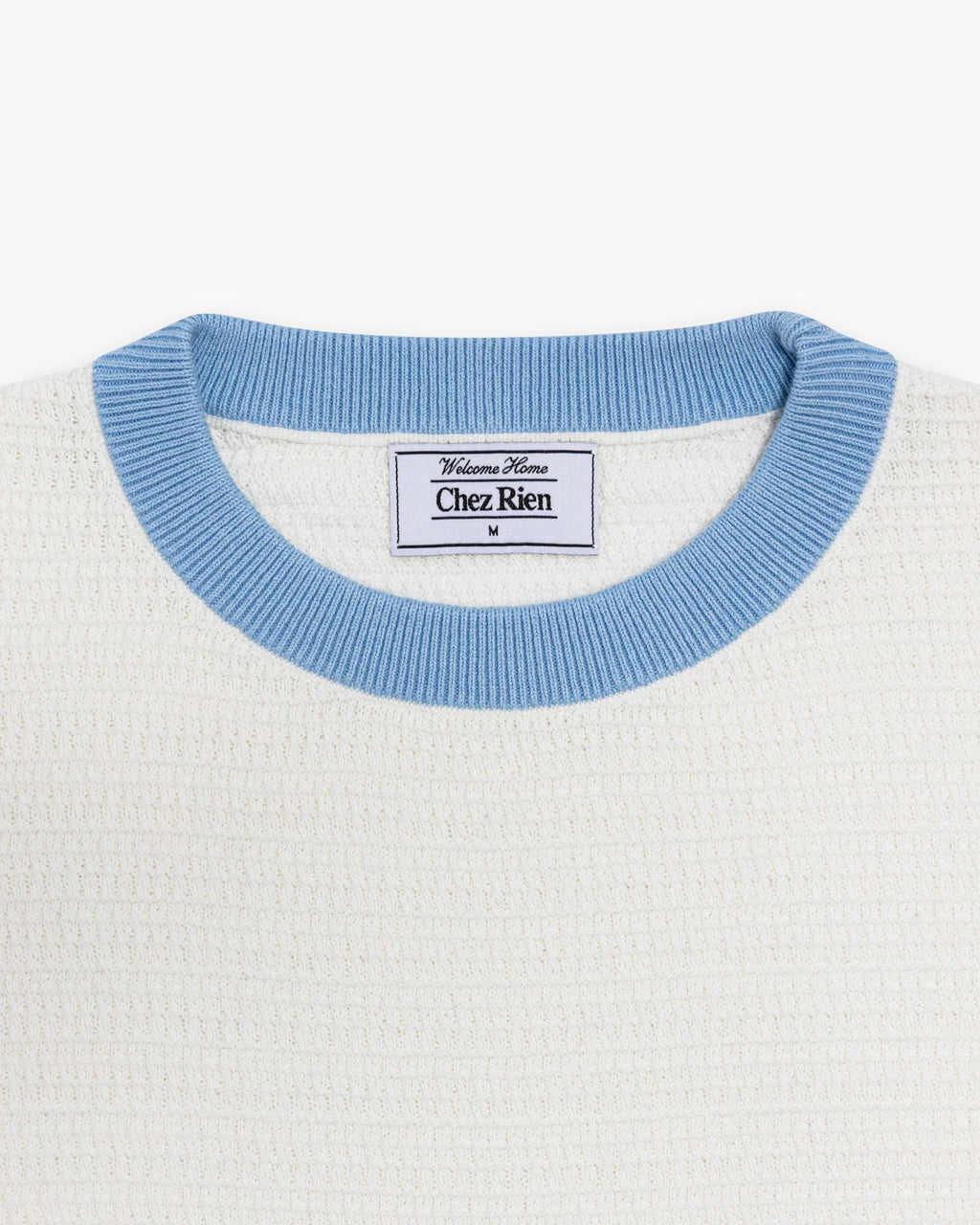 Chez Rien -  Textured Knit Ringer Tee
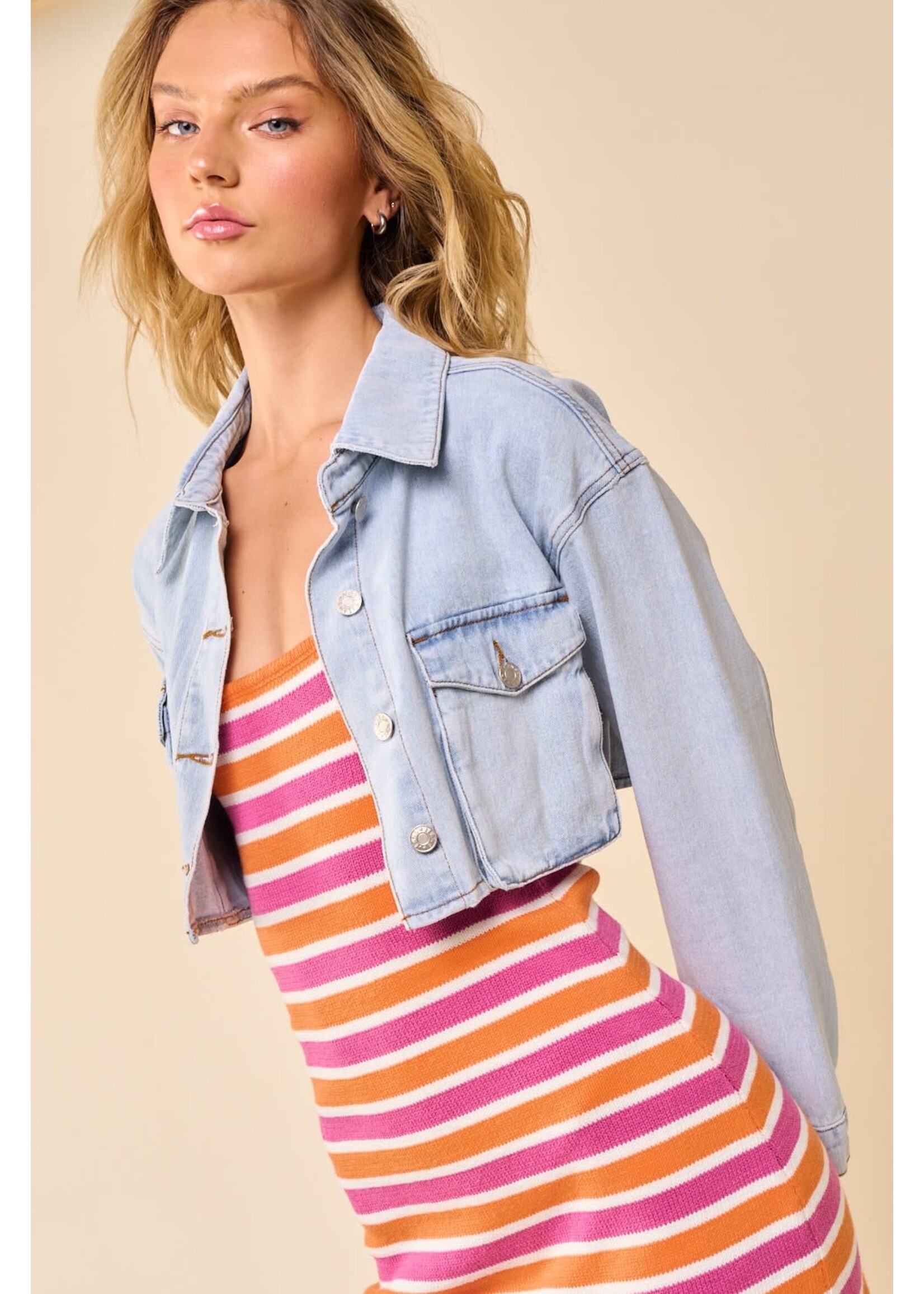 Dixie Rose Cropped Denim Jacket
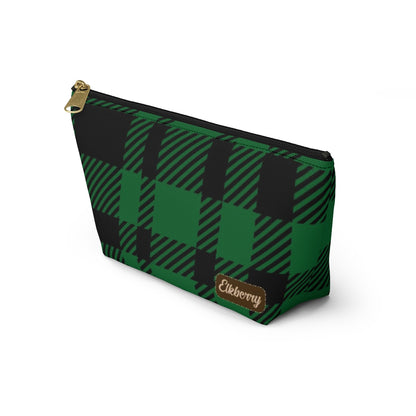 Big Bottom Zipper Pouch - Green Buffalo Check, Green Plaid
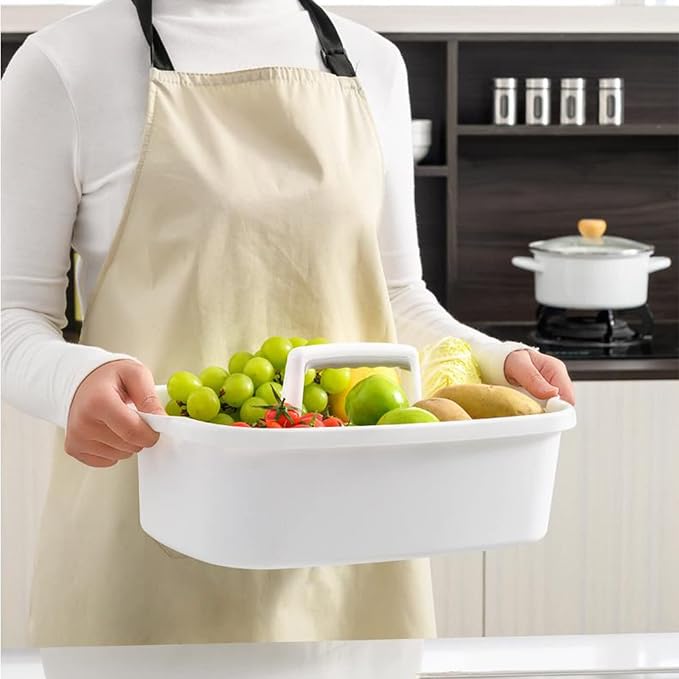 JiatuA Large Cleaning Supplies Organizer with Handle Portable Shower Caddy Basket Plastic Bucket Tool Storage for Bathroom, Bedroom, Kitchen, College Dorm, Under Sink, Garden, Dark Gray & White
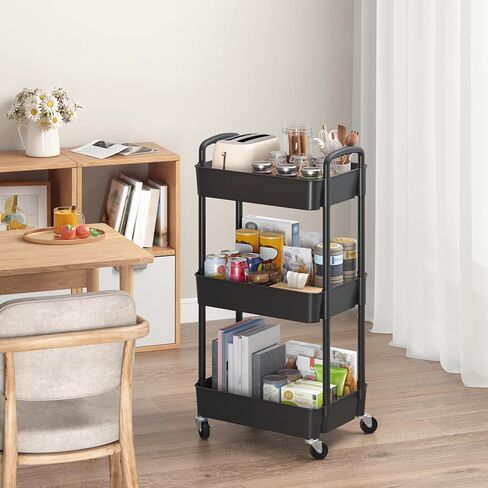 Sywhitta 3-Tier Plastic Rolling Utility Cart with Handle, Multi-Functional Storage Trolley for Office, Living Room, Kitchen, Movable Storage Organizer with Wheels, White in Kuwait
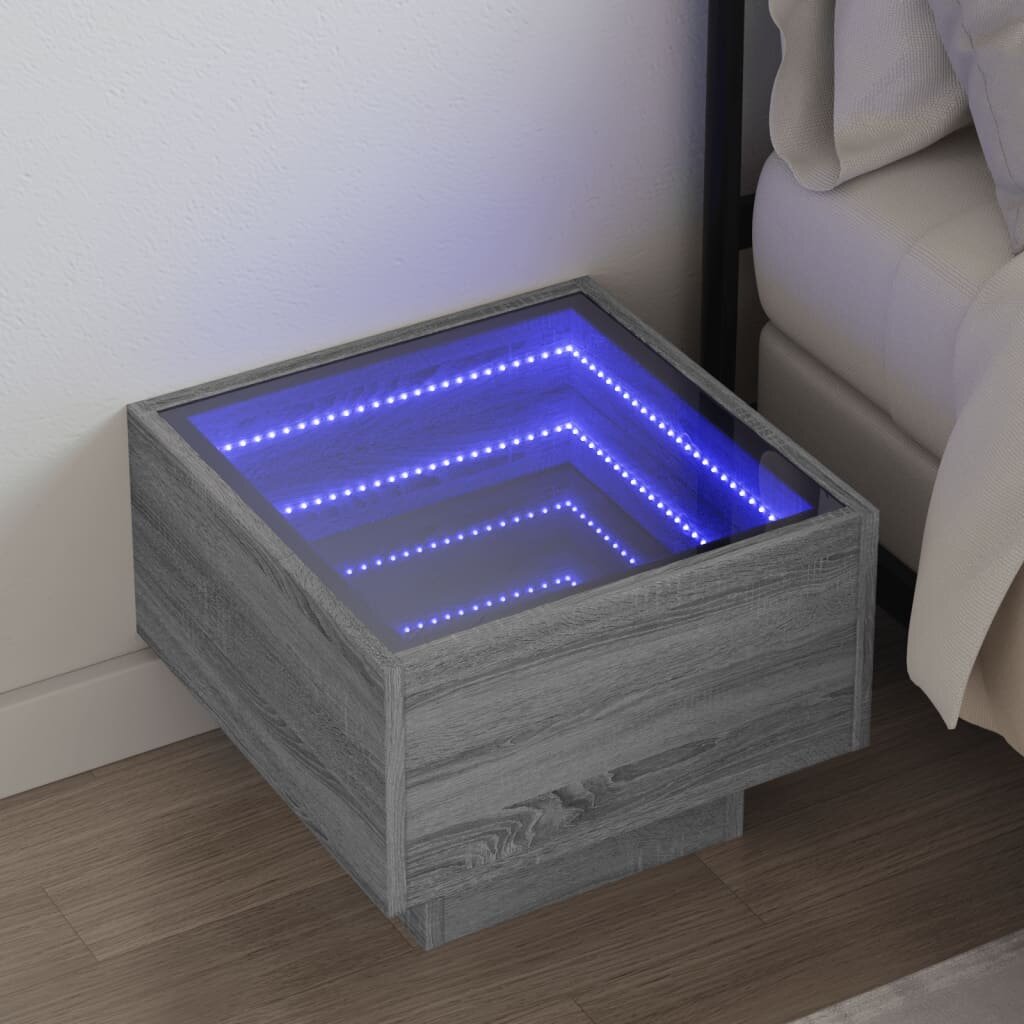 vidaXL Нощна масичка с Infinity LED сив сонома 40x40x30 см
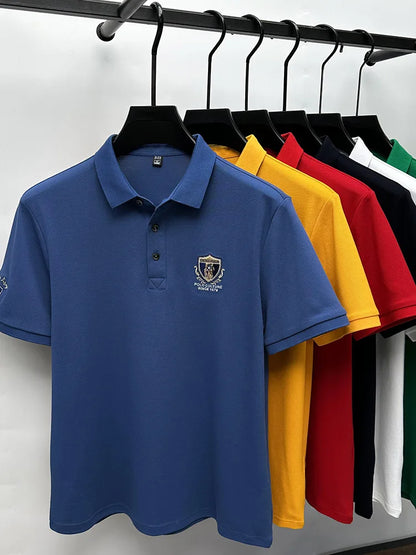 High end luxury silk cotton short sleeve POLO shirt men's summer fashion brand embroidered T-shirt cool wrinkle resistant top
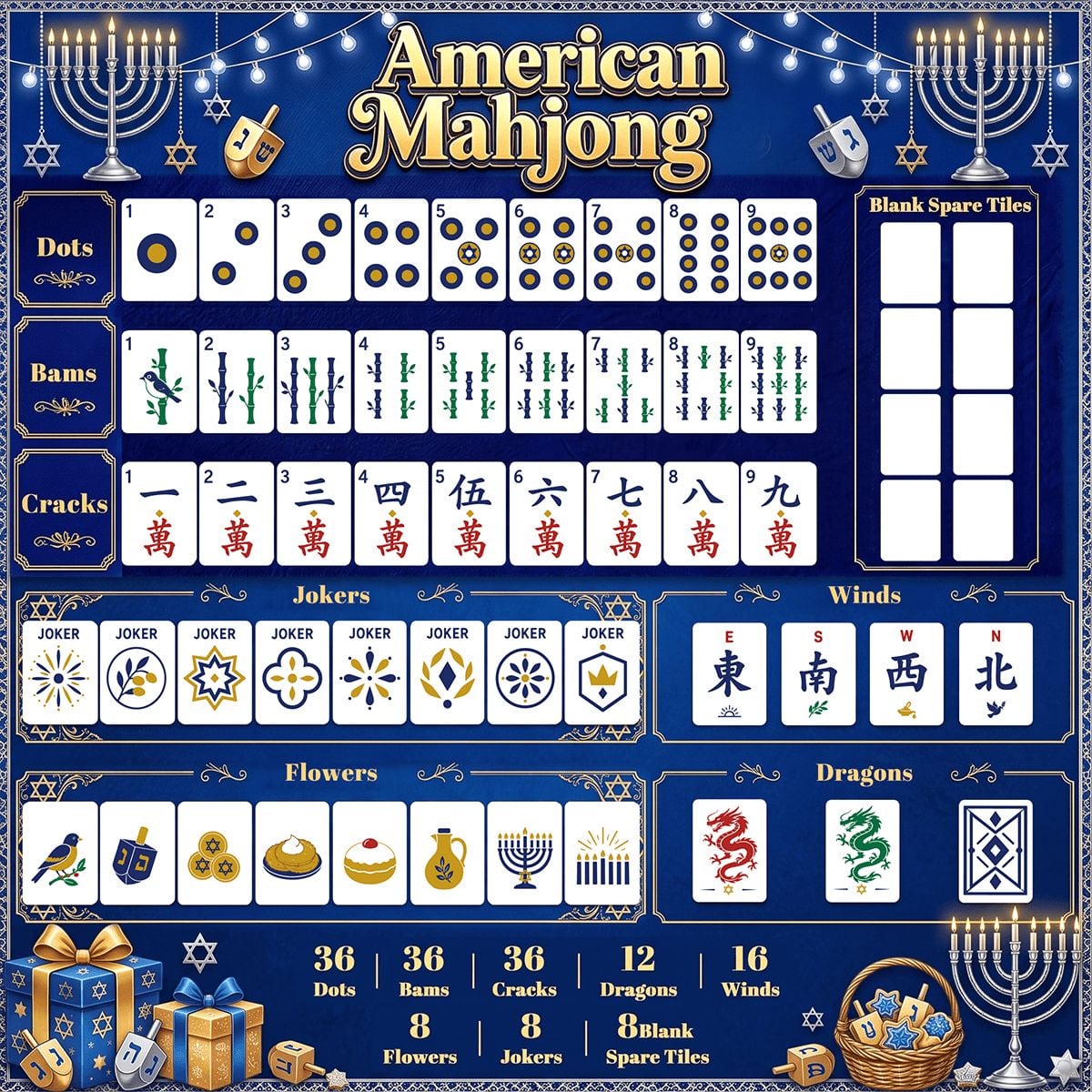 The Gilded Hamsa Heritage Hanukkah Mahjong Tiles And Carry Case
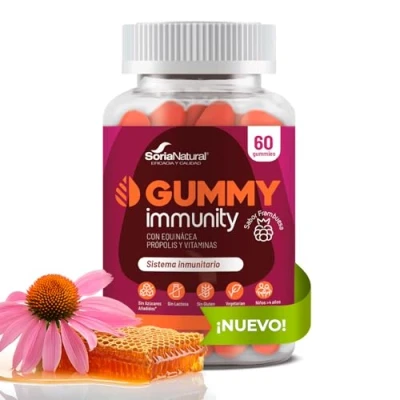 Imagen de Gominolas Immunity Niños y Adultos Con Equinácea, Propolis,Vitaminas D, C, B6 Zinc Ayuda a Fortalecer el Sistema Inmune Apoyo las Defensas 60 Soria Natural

• • • • • • •

* Problem description
The material is to be written out word for word, and the pictures are to be left out.

* Solution for this exercise
 Chez Rien -  Textured Knit Ringer Tee
 Dixie Rose Cropped Denim Jacket
 Big Bottom Zipper Pouch - Green Buffalo Check, Green Plaid
 JiatuA Large Cleaning Supplies Organizer with Handle Portable Shower Caddy Basket Plastic Bucket Tool Storage for Bathroom, Bedroom, Kitchen, College Dorm, Under Sink, Garden, Dark Gray & White
 Sywhitta 3-Tier Plastic Rolling Utility Cart with Handle, Multi-Functional Storage Trolley for Office, Living Room, Kitchen, Movable Storage Organizer with Wheels, White in Kuwait
 vidaXL Нощна масичка с Infinity LED сив сонома 40x40x30 см
 High end luxury silk cotton short sleeve POLO shirt men's summer fashion brand embroidered T-shirt cool wrinkle resistant top
 The Gilded Hamsa Heritage Hanukkah Mahjong Tiles And Carry Case
 Imagen de Gominolas Immunity Niños y Adultos Con Equinácea, Propolis,Vitaminas D, C, B6 Zinc Ayuda a Fortalecer el Sistema Inmune Apoyo las Defensas 60 Soria Natural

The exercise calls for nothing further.